= Beginning of Section =

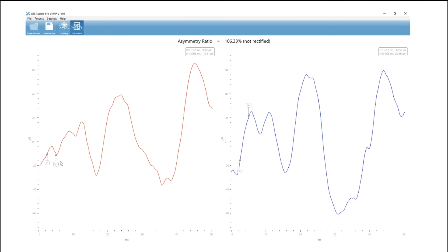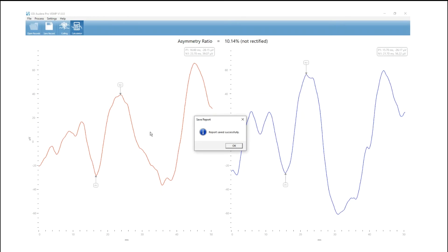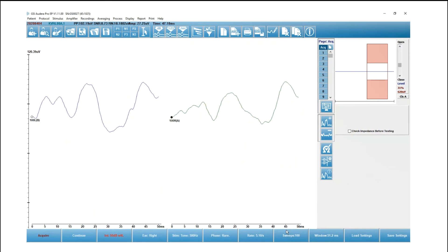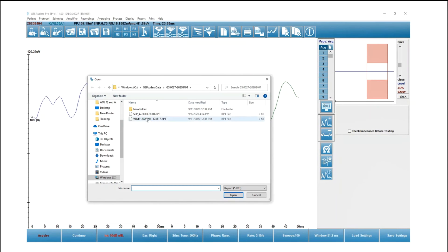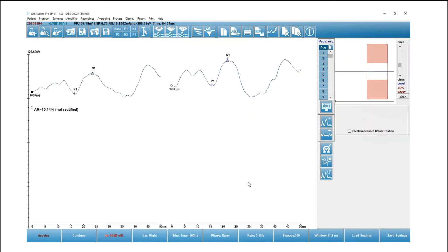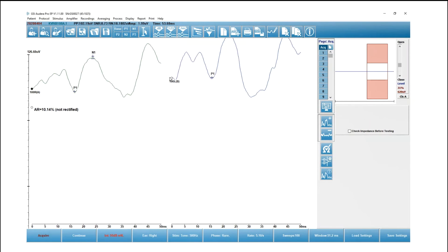Now I'm in the calculation screen, which is the default, and I have to mark my N1 and P1 for both waveforms. While you're doing that, you can see the asymmetry ratio is automatically updated as you move your markers. You can view the P1N1 latency as well as the amplitude relative to zero. Once I'm done marking, I'm going to save that record, then return to the EP module and load my report. When you load a report, it will store the displayed data. Here are the marked waveforms that came over from the VEMP module.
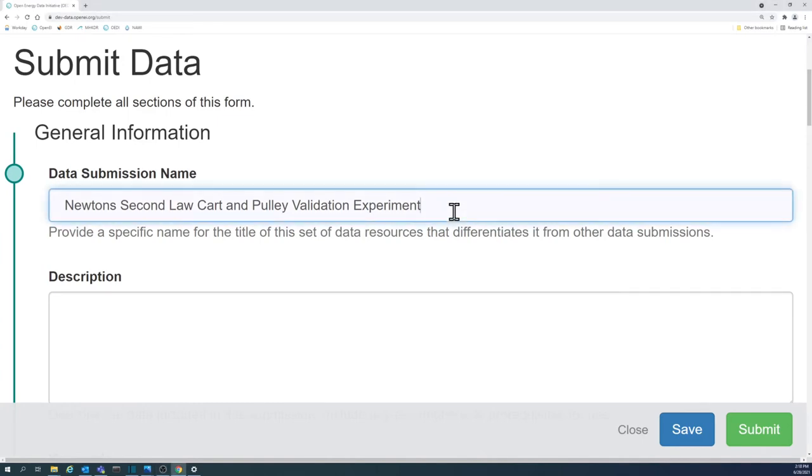Consider including the location of your data, especially if it is helpful for context or differentiating these data from other datasets.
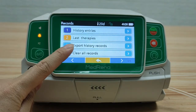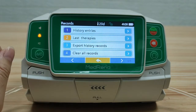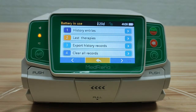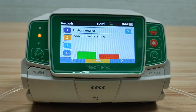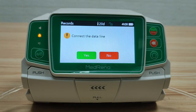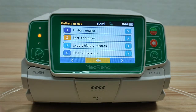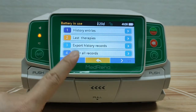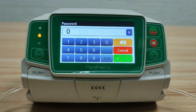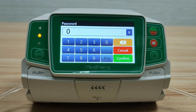Third, export history records: the history records can be exported to a computer using a USB cable. Fourth, clear all records: enter the password 3312 — all data of history entries and last therapies will be cleared.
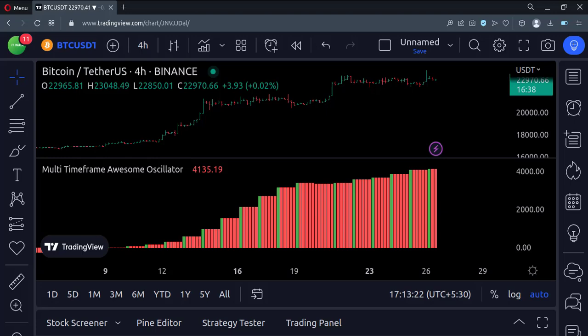So that's it. That's how you can implement the multi-time frame awesome oscillator in the TradingView Pine script. Thank you.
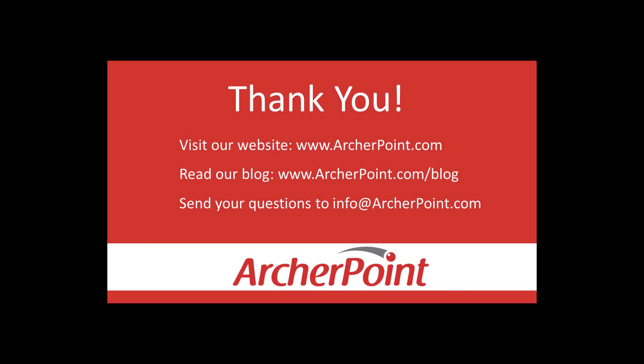Thanks for watching this Archer Point video. If you found it helpful, make sure to check out our website and blog at www.archerpoint.com. Additionally, if you have any questions regarding our products, services, or information in this video, feel free to email us at info@archerpoint.com. Thanks.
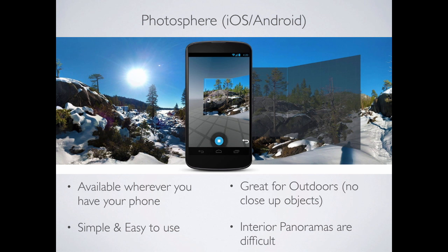Photosphere — I think Google updated it to be called Places or something — is by Google. You take out your phone, stand in a place, and it guides you through taking a panorama. You can get really nice results. It works better if instead of moving the camera around you, you keep the phone in the same place and move around the phone — the same nodal point principle. It works great outside but not so well inside because of parallax in small, confined spaces.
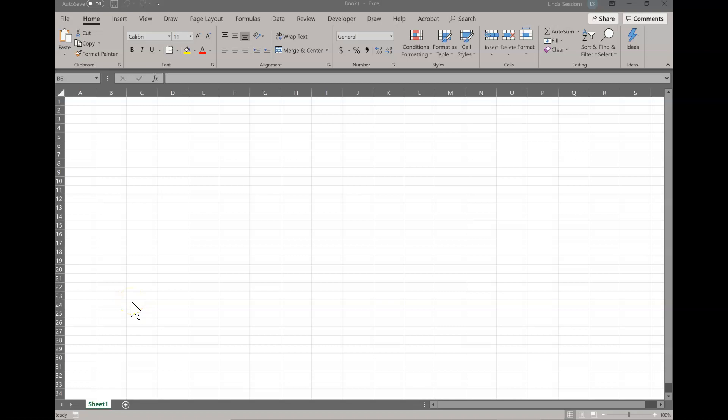Hello! Today we're going to be doing the M&M project in Excel. This is a project where you're going to use Excel to create a chart along with a table.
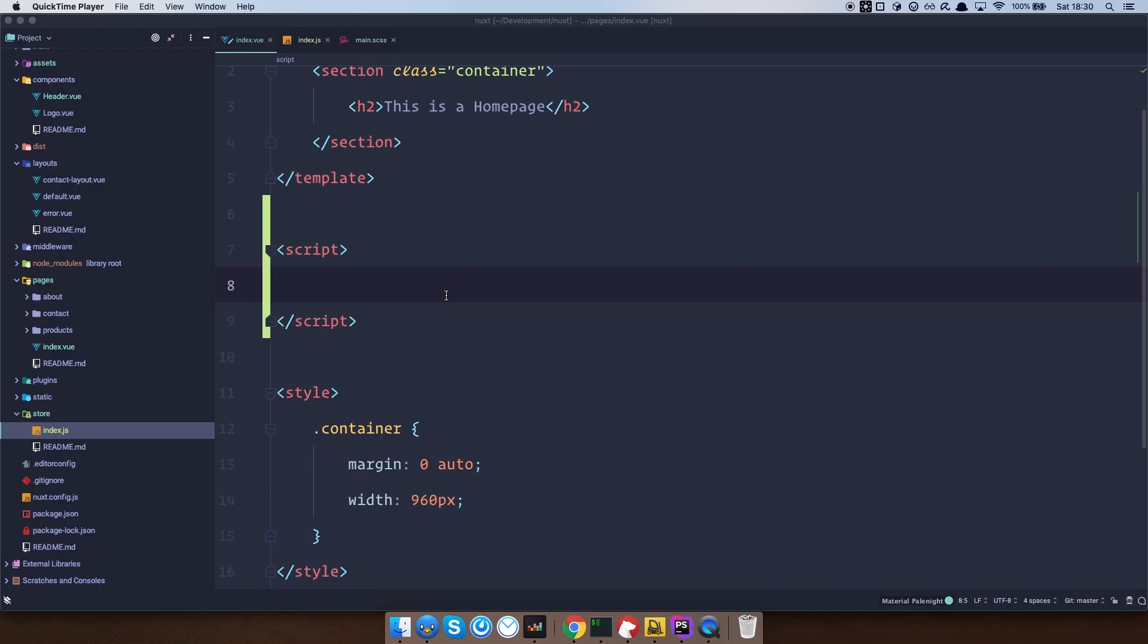So now, in our index.vue, first of all, we are just going to import Axios. And remember, we don't have to install it because when we installed Nuxt, we set it to automatically install Axios for us. So we just need to import it right here.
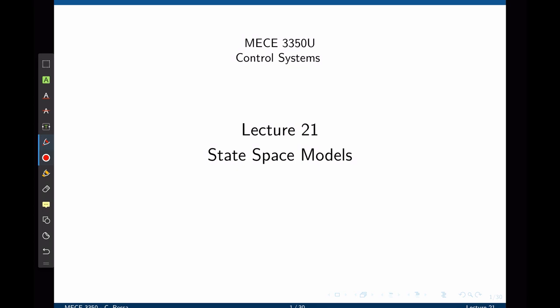This lecture serves as the introduction to state-space control systems. In state-space control systems, instead of using high-order differential equations, the objective is to represent systems using only first-order differential equations. And instead of using Laplace transforms, all the analysis is done using linear algebra.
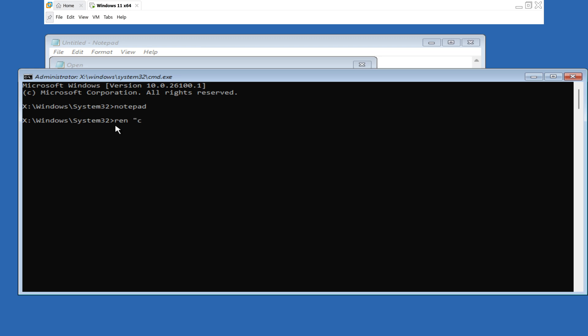When working with the command line, make sure to type everything correctly — otherwise it won't work.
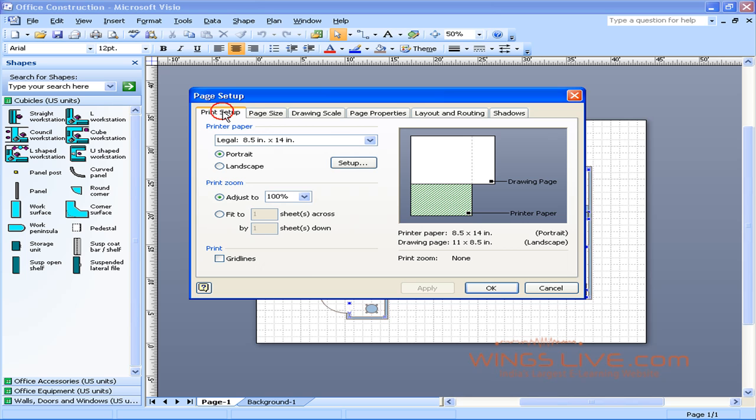In the Print Setup tab, you should see the preview of printer paper with a portrait mode of 8.5 by 14 inches and drawing page with landscape mode of 11 by 8.5 inches.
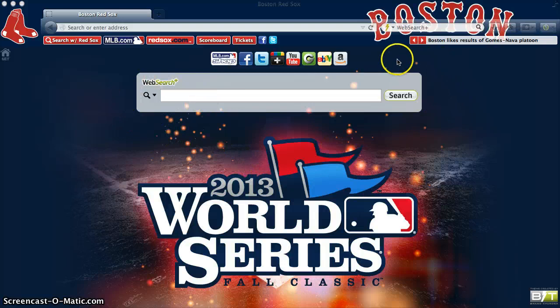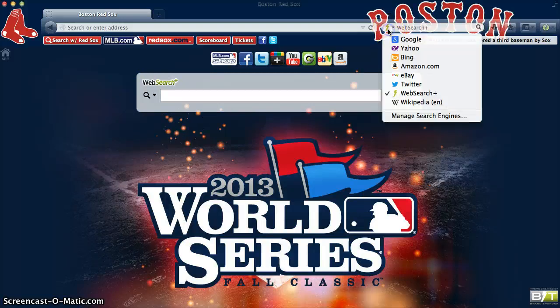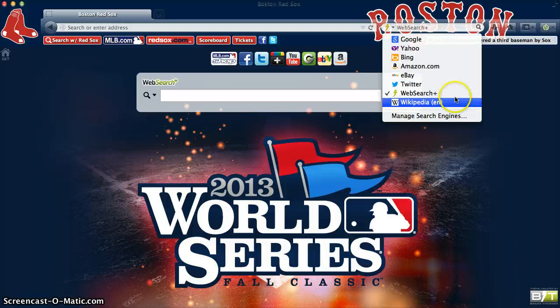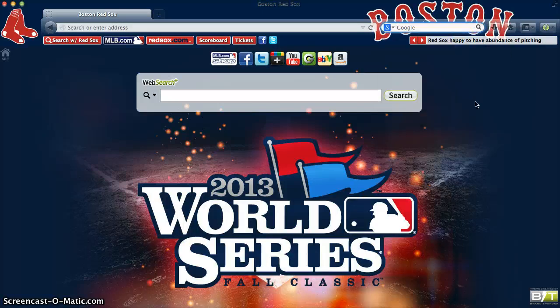To change it in the upper right hand search box, all you have to do is click on the WebSearch Plus logo displaying what search engines you have available. By clicking on your preferred search provider you have changed the default search engine.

= End of Section =

▶ [WHAT YOU SHOULD DO]: What are the lines in the records above, word for word, from the one containing "So that's it." through the one containing "This lecture serves", both ends included and pictures left out?

▶ [RESPONSE TO THIS EXERCISE]:
So that's it. That's how you can implement the multi-time frame awesome oscillator in the TradingView Pine script. Thank you.
Thanks for watching this Archer Point video. If you found it helpful, make sure to check out our website and blog at www.archerpoint.com. Additionally, if you have any questions regarding our products, services, or information in this video, feel free to email us at info@archerpoint.com. Thanks.
Photosphere — I think Google updated it to be called Places or something — is by Google. You take out your phone, stand in a place, and it guides you through taking a panorama. You can get really nice results. It works better if instead of moving the camera around you, you keep the phone in the same place and move around the phone — the same nodal point principle. It works great outside but not so well inside because of parallax in small, confined spaces.
Hello! Today we're going to be doing the M&M project in Excel. This is a project where you're going to use Excel to create a chart along with a table.
So now, in our index.vue, first of all, we are just going to import Axios. And remember, we don't have to install it because when we installed Nuxt, we set it to automatically install Axios for us. So we just need to import it right here.
This lecture serves as the introduction to state-space control systems. In state-space control systems, instead of using high-order differential equations, the objective is to represent systems using only first-order differential equations. And instead of using Laplace transforms, all the analysis is done using linear algebra.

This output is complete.